Benedetto XVI: diseguaglianze intollerabili

Gian Guido Vecchi

CITTÀ DEL VATICANO

L’ingiustizia, lo scandalo delle diseguaglianze e della fame, l’indifferenza.
Benedetto XVI lo aveva scritto, nella sua ultima enciclica dedicata all’economia e al governo della globalizzazione: «Mentre i poveri del mondo bussano ancora alle porte dell'opulenza, il mondo ricco rischia di non sentire più quei colpi alla sua porta, per una coscienza ormai incapace di riconoscere l'umano».
E ieri mattina, all’Angelus, a due giorni da un G8 che ha affrontato problemi «talora drammaticamente urgenti», il Papa è tornato a parlarne con accenti altrettanto solenni: «Ci sono nel mondo sperequazioni sociali ed ingiustizie strutturali non più tollerabili, che esigono, oltre a doverosi interventi immediati, una coordinata strategia per ricercare soluzioni globali durevoli».
Benedetto XVI, ai fedeli in San Pietro, ricorda che l’incontro dei Grandi ha «ribadito la necessità di giungere ad accordi comuni al fine di assicurare all’umanità un futuro migliore».
Come nella Caritas in veritate, il pontefice spiega che «la Chiesa non possiede soluzioni tecniche da presentare ma, esperta in umanità, offre a tutti l’insegnamento della Sacra Scrittura sulla verità dell’uomo e annuncia il Vangelo dell’amore e della giustizia».
In questi mesi, dal viaggio in Africa agli incontri dei giorni scorsi con Obama e altri leader presenti al vertice, Benedetto XVI ha insistito su un punto centrale nella stessa enciclica: l’economia dev’essere per l’uomo, fondarsi su un’etica della persona, altrimenti finisce per distruggerlo: si tratta di «investire sull’uomo».
Così ora ripete le parole dette mercoledì, mentre si apriva il G8: «Occorre una nuova progettualità economica che ridisegni lo sviluppo in maniera globale, basandosi sul fondamento etico della responsabilità davanti Dio e all’essere umano come creatura di Dio».
La crisi impone nuove regole e, nel mondo che è casa di tutti, nessuno va tagliato fuori: «In una società in via di globalizzazione, il bene comune e l’impegno per esso non possono non assumere le dimensioni dell’intera famiglia umana».
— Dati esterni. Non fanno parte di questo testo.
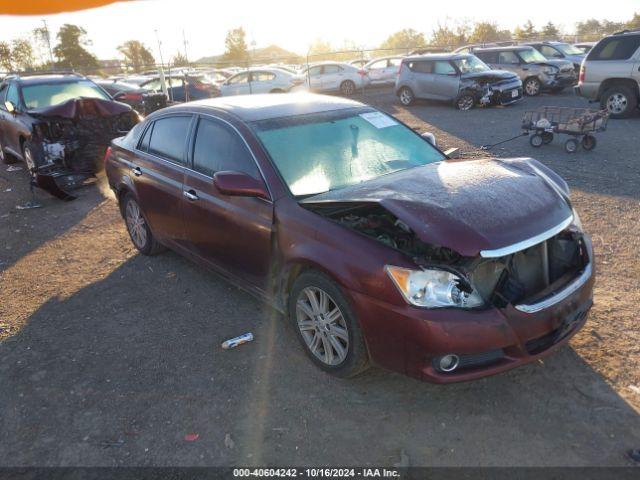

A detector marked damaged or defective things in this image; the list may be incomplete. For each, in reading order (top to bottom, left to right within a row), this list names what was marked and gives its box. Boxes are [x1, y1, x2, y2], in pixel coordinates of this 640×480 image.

crumpled hood [28, 95, 131, 118]
damaged front end of car [27, 98, 139, 200]
damaged red suv [106, 94, 596, 382]
broken headlight [382, 266, 482, 308]
crumpled hood [302, 158, 572, 256]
Così, non è un caso che le parole più severe dell’Angelus siano state riservate ai temi bioetici: Benedetto XVI denuncia l’«assolutismo della tecnica» che «trova la sua massima espressione in talune pratiche contrarie alla vita» (nell’enciclica paventava il rischio di «una sistematica pianificazione eugenetica delle nascite») e «potrebbe disegnare foschi scenari per il futuro dell’umanità».
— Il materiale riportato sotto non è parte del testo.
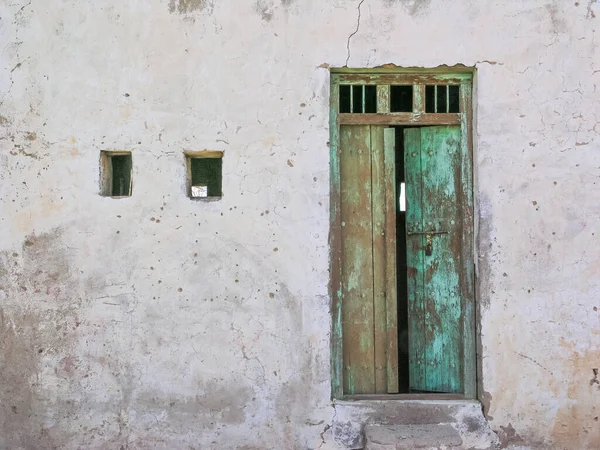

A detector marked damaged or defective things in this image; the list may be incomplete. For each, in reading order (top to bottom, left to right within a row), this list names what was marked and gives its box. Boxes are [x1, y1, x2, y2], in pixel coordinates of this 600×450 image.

crack in wall [344, 0, 364, 67]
Il tema della vita è essenziale nell’enciclica sociale; la crescita demografica non impedisce lo sviluppo e anzi «l’apertura alla vita è al centro del vero sviluppo». Nel nostro tempo, dice il Papa ai fedeli, la questione sociale globale evocata quarant’anni fa da Paolo VI «è diventata radicalmente questione antropologica, nel senso cioè che essa implica il modo stesso di concepire l’essere umano, sempre più posto nelle mani dell’uomo stesso dalle moderne biotecnologie ».
Dopo l’Angelus, Benedetto XVI ha espresso la sua «viva preoccupazione» per il colpo di Stato in Honduras: «I responsabili della nazione e tutti i suoi abitanti percorrano pazientemente la via del dialogo, della comprensione reciproca e della riconciliazione».